Que la crisis del coronavirus, que ha disparado el déficit y la deuda publica de forma exponencial, se iba a traducir en recortes de los servicios públicos esenciales y mayor presión fiscal era tan previsible como que el independentismo, que tanto agita las diferencias culturales, termine siempre su recorrido emocional algo tan prosaico como el registro de la propiedad y la caja de las pensiones. No sorprende. Entre otras cosas dado el perfil de la ministra de Hacienda, María Jesús Montero, que hundió la sanidad en Andalucía mientras subía –sin cesar– los impuestos a todo el mundo. La milonga de que en Europa se cobra más IVA que en España ya nos la sabemos. Lo que no explica nunca la ministra es que el impacto de este impuesto es infinitamente mayor para un andaluz –cuyo PIB per cápita no supera los 20.000 euros– que para un alemán (41.350 euros), un francés (36.000) o un italiano (29.000). 

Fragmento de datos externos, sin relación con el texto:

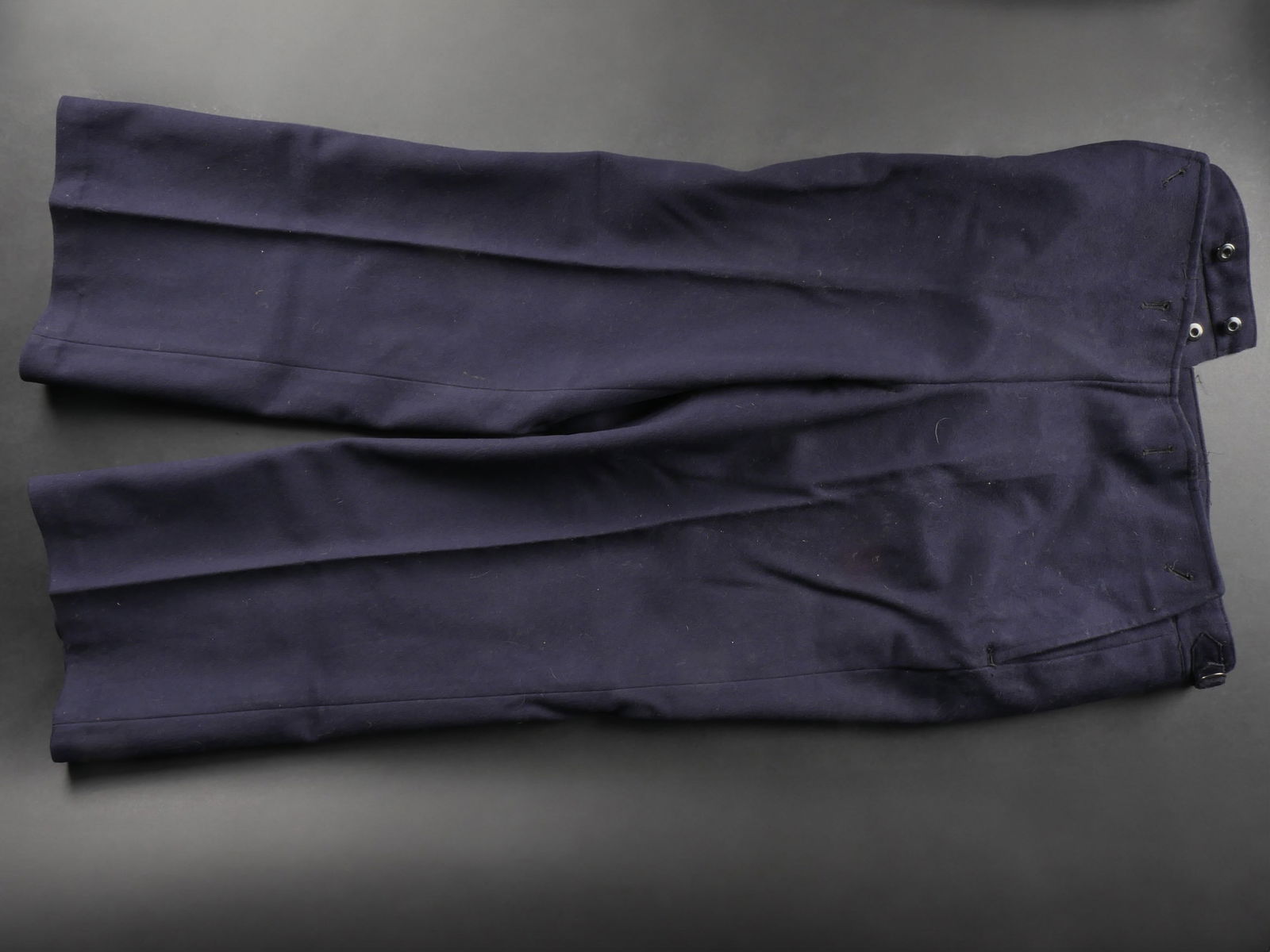 Pantalon Kriegsmarine. Kriegsmarine pants.: Pantalon a ponts de la Kriegsmarine. En drap bleu marine. Tous les boutons sont presents. Interieur double en tissu ecru. Taille 82 72.a noter une certaine usure et patine de la piece,ainsi que quelqu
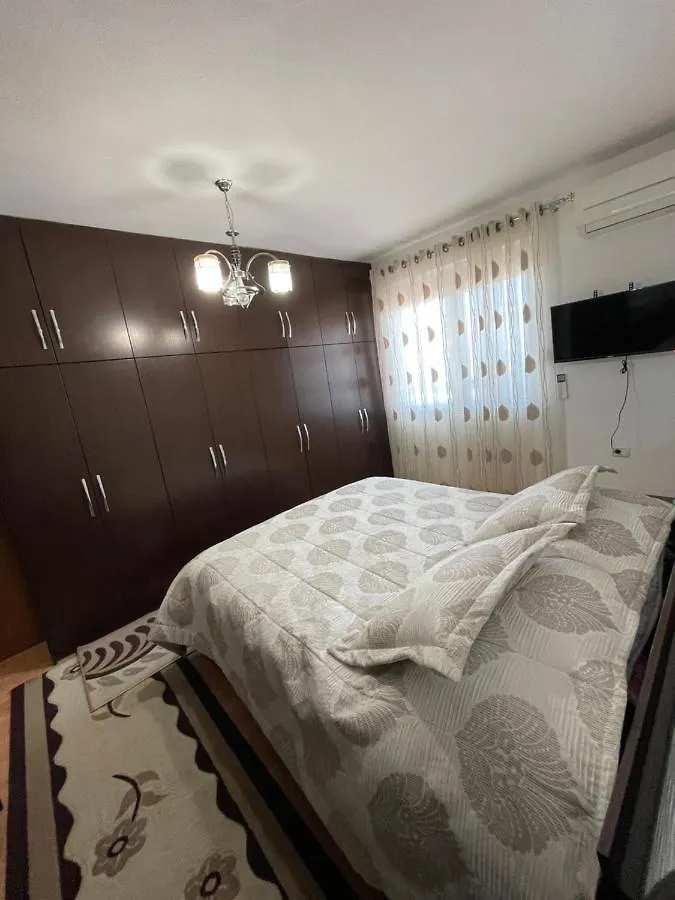 City Center With Lake View One Bedroom Apartment ポグラデツ 0*,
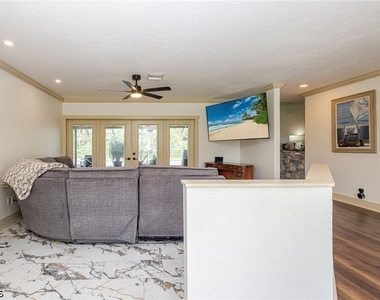 2507 Lakeview Drive - Photo Thumbnail 10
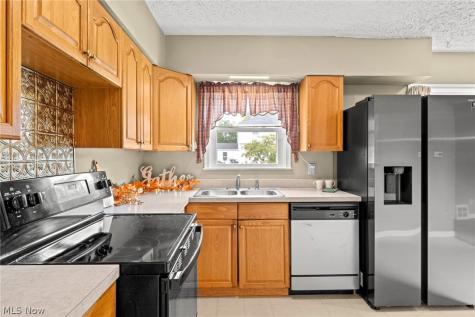 193 S Hawkins Avenue Akron OH 44313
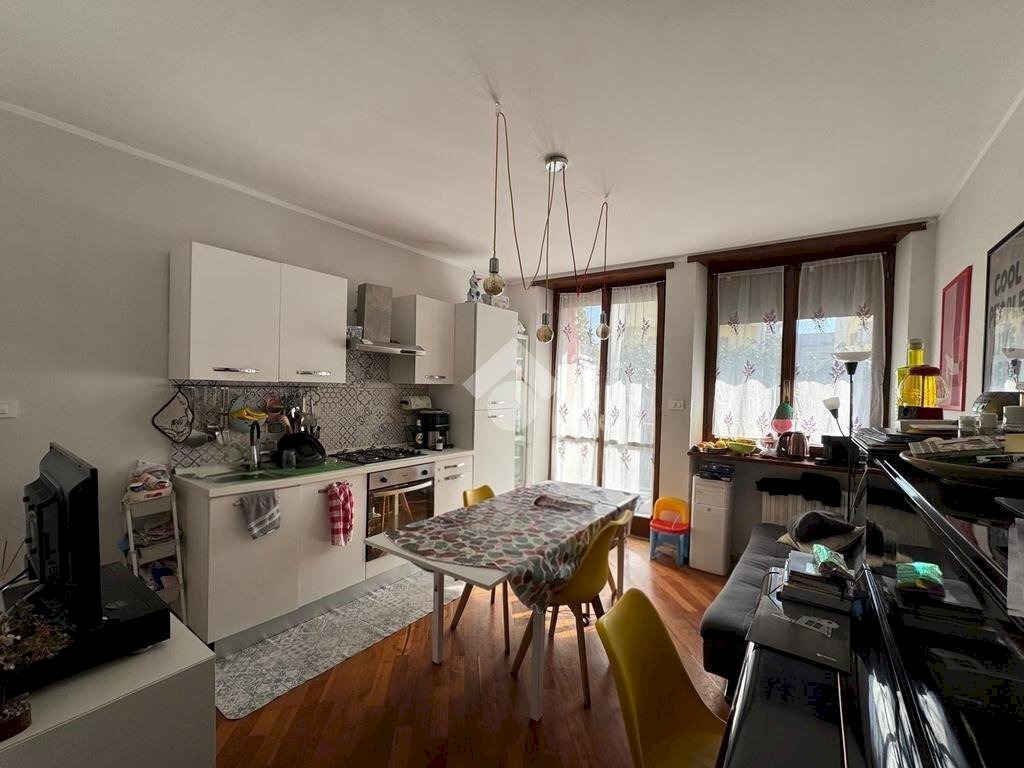 Three-room apartment Via Giacomo Dina, Torino (neighborhood Mirafiori Nord) - photo 3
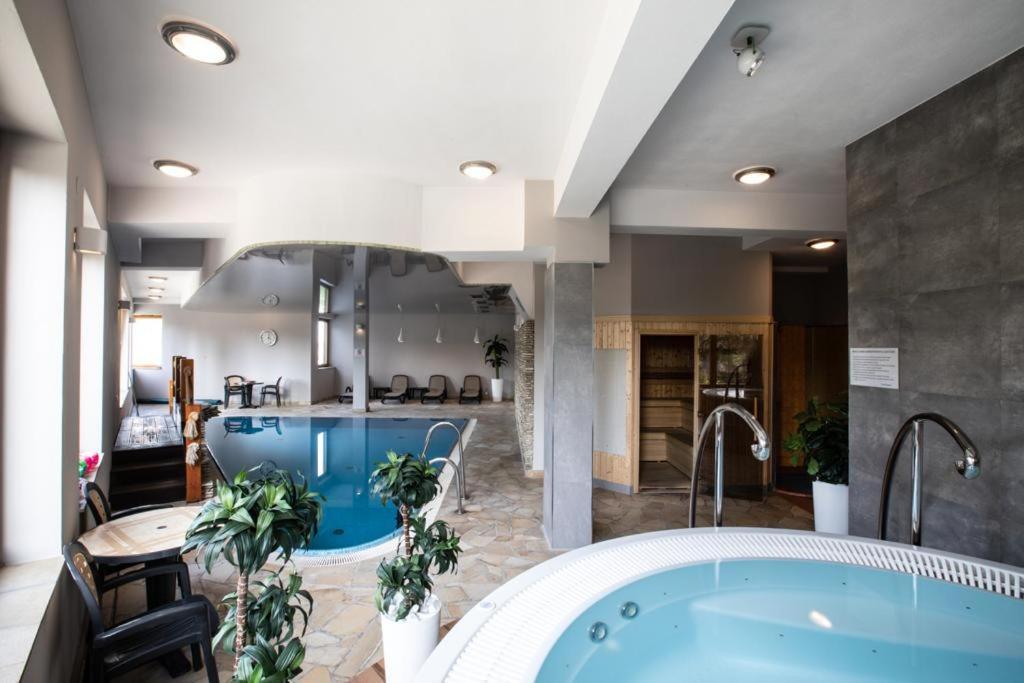 Apartament Zlote Tarasy Apartamentyzakopianskie Basen Sauna Jacuzzi Zakopane Exteriér fotografie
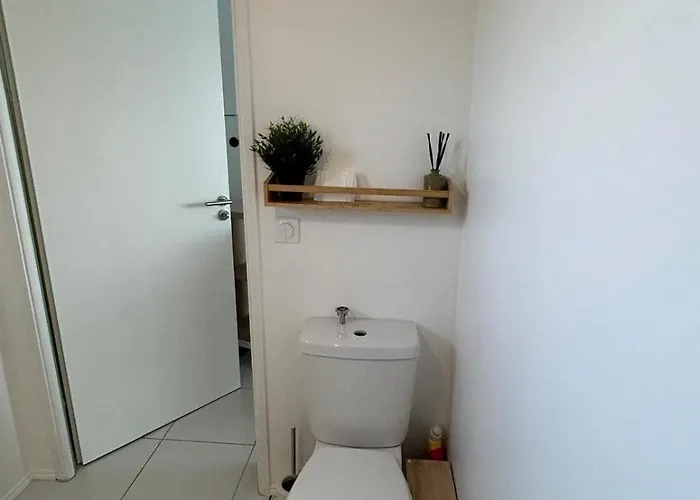 Entire 2-room Apartment,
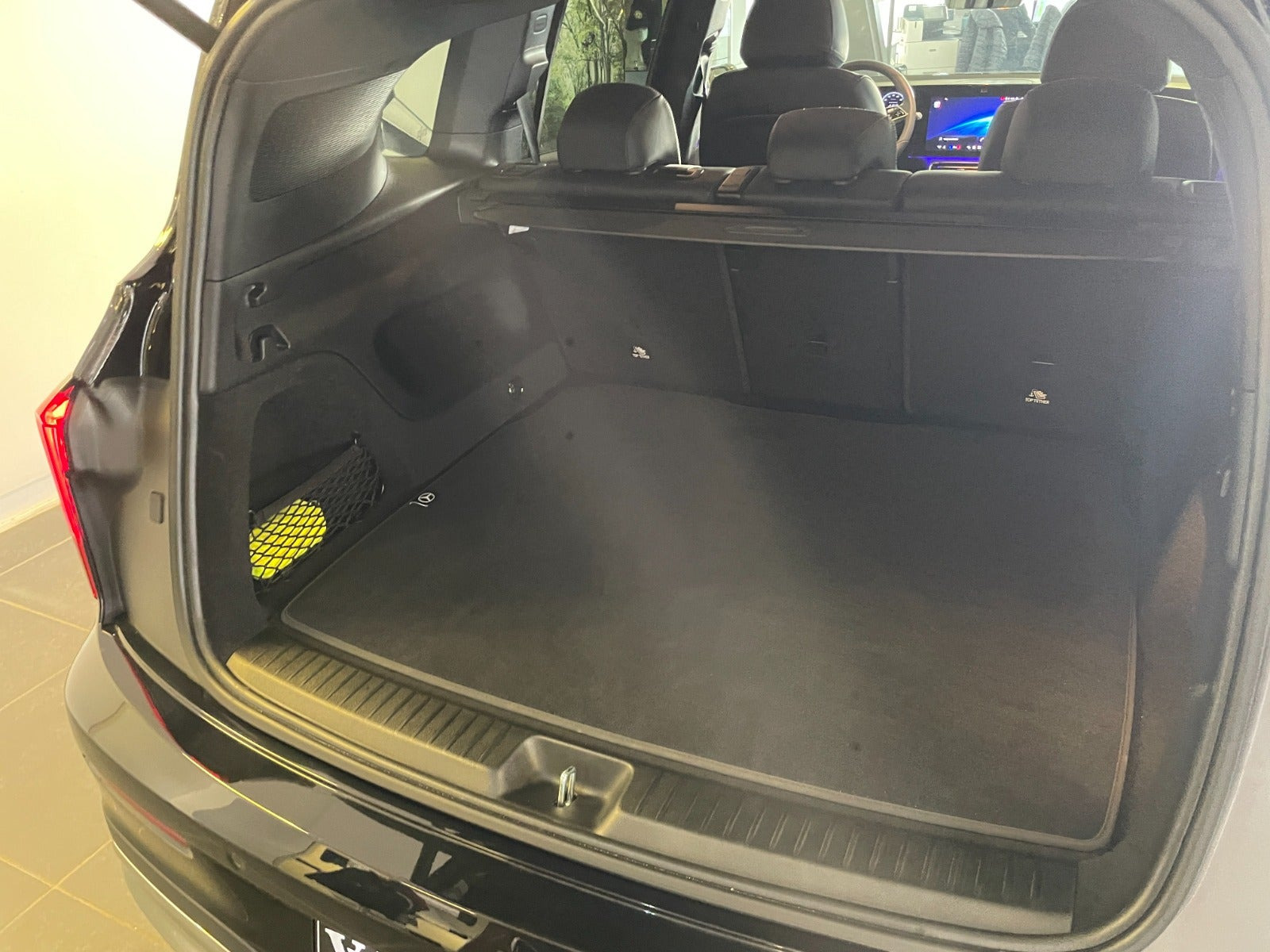 Sort Mercedes GLB250+ fra 2026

La mentira de una subida fiscal restringida a las grandes empresas, el consumo o las actividades no ecológicas tampoco se sostiene: todas repercutirán dichos costes sobre sus clientes subiendo precios o reduciendo sus plantillas. Pagará la clase media, como siempre. La sensibilidad social de Montero es una patraña. Quedó de manifiesto en el confinamiento, cuando mantuvo las cuotas a los autónomos que no podían trabajar y no alteró el calendario fiscal a sabiendas de la ruina súbita de empresas y profesionales, al tiempo que descartaba un ajuste en el sueldo de unos empleados públicos que, en un 60%, pertenecen a autonomías donde se ha practicado durante décadas el enchufismo, el caciquismo familiar y la privatización del patrimonio público en favor de distintos clanes políticos. 

Subir los impuestos no evitará los recortes ni el deterioro en sanidad. Tampoco va a ayudar a incorporar a los geriátricos del holocausto en el sistema público de salud, que es donde deberían haber estado siempre. No lo conseguirá porque los ingresos que se logren con esta subida impositiva ya se han gastado durante los meses de encierro preventivo. Los rebrotes incrementarán estos gastos, sin que se aborde una reforma de la Administración para generar ahorros que equilibren el presupuesto. El Gobierno deja así desamparada a la parte de la sociedad que mueve la economía mientras blinda en sus privilegios a quienes se nutren del esfuerzo colectivo. Como dijo Proudhon de la propiedad, sus impuestos son un robo. Que se dejen de eufemismos de parroquia.